I am proud to say I have a family of true road warriors. When it comes to settling in and turning the crank, I will put my wife and boys up against anyone. More than once, on the way back from the beach, we have driven from the Bates House of Turkey in Greenville (that’s exit 130 on I-65) to our driveway non-stop. That’s just under 227 miles.
Funny thing, though: I remember it being such an ordeal going to see my maternal grandparents when I was young. Yet Google tells me the door-to-door distance was only 287 miles. Above I’m bragging about my family pulling nearly 80% of that in one shot. Part of it is that they’re great travelers, but that can’t be all of it. So what’s the difference?
I am not allowed to pack the car. I have not been allowed to pack the car since 2003.
For one thing, Lea is usually comatose before we get to the highway. (Actually that was true of my mother too.) Ah, but my boys also sleep. That I can recall, my sister and I never did, even when we’d leave really early in the morning when it was still dark. Sleeping passengers are great allies when you’re making good time, and I actively accommodate them. (It’s a tactical blunder to have to stop for gasoline when everyone is asleep, for example.)

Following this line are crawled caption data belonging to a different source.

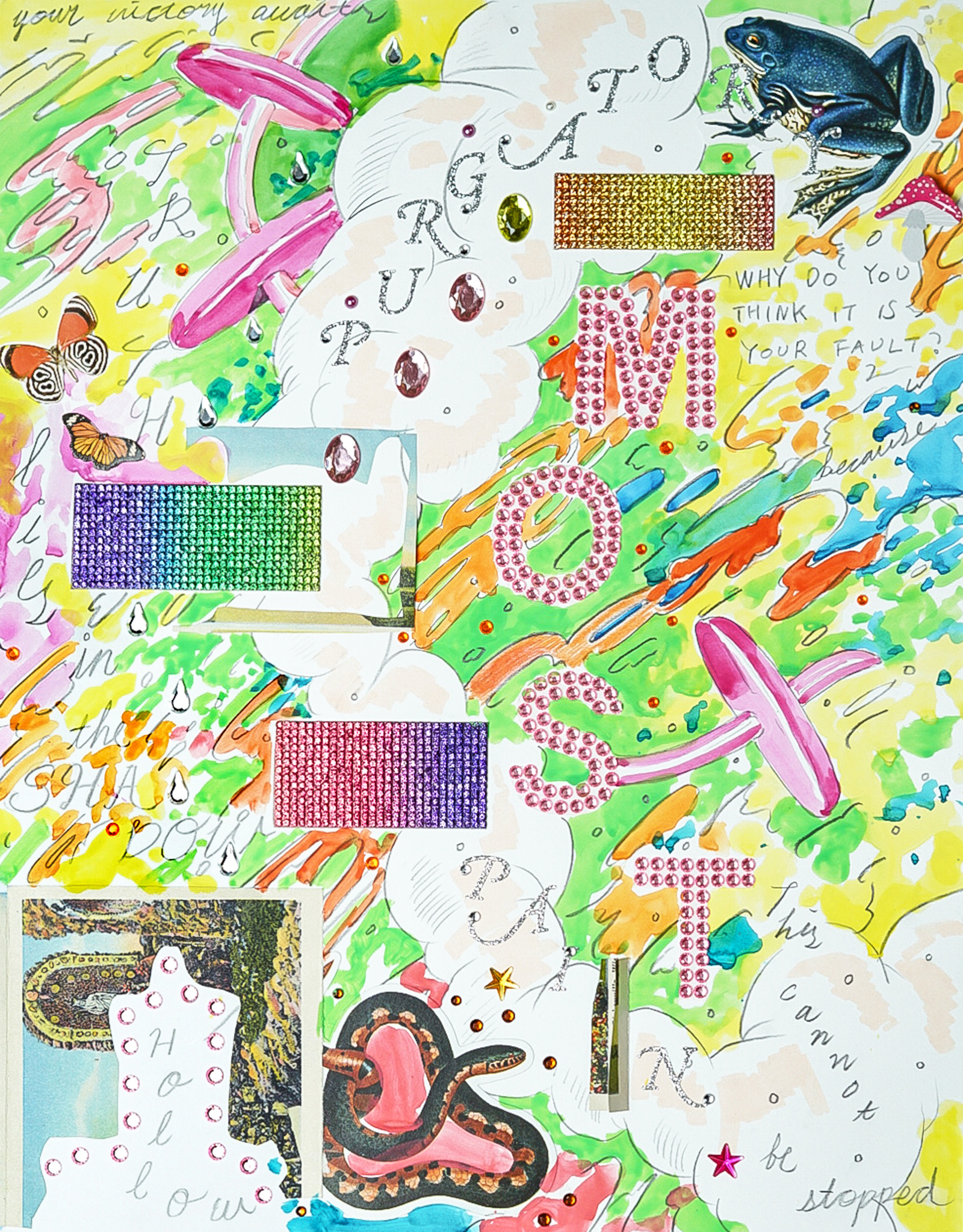 y0urkingd0m_004, mixed media drawing on paper, 2022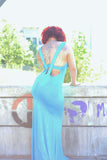 Turquoise Cage Back Sleeveless Maxi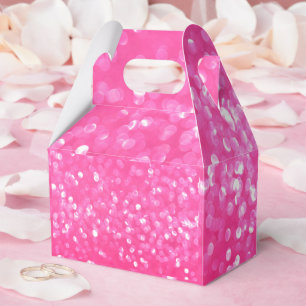 Vibrant Hot Pink Glitter Sparkle Texture Photo Favor Boxes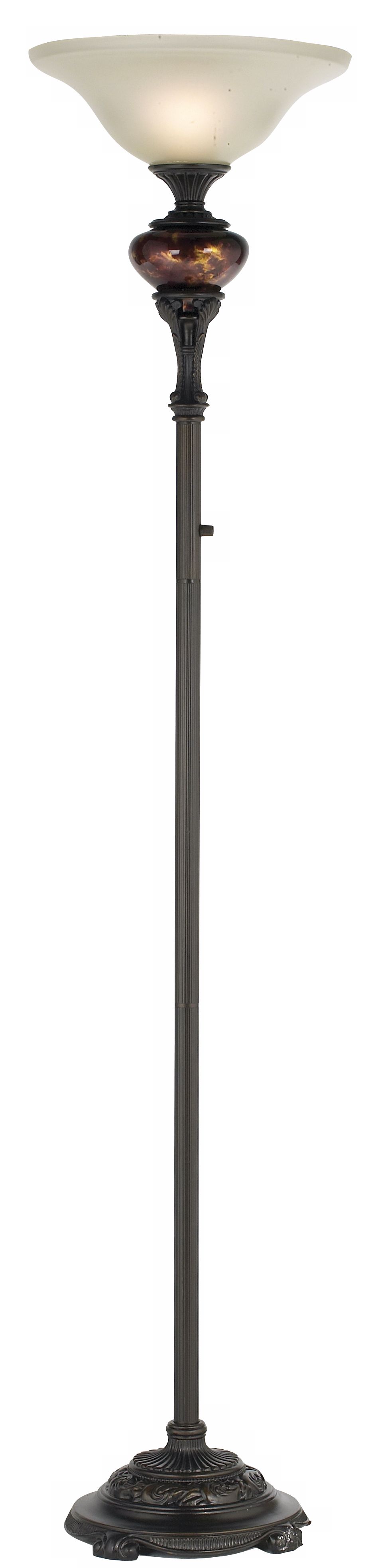 Bronze And Gold Tortoise Shell Torchiere Floor Lamp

For another, the speed limit is significantly higher. Back then, it was 55 miles per hour, and you could run 62 or so without attracting police attention. Those numbers are 70 and 77 now, respectively. That cuts an entire hour off the trip. Set the cruise control on maximum boogie, and you can be sitting in the Gulf in less than six hours.
Our traveling arrangements are also more luxurious now. Mom’s Buick wagon was not a small car, but we were all still pretty much right on top of each other. There is more separation — more personal space — in a minivan. (Sadly, there is not quite enough to prevent a kid kicking the seat. To be fair, it generally only happens once, and a single reminder that such is not tolerated is usually enough.) We also have the magic of portable DVD players now, and though Lea and I are fairly strict about screen time day to day, there are no restrictions on it on the road.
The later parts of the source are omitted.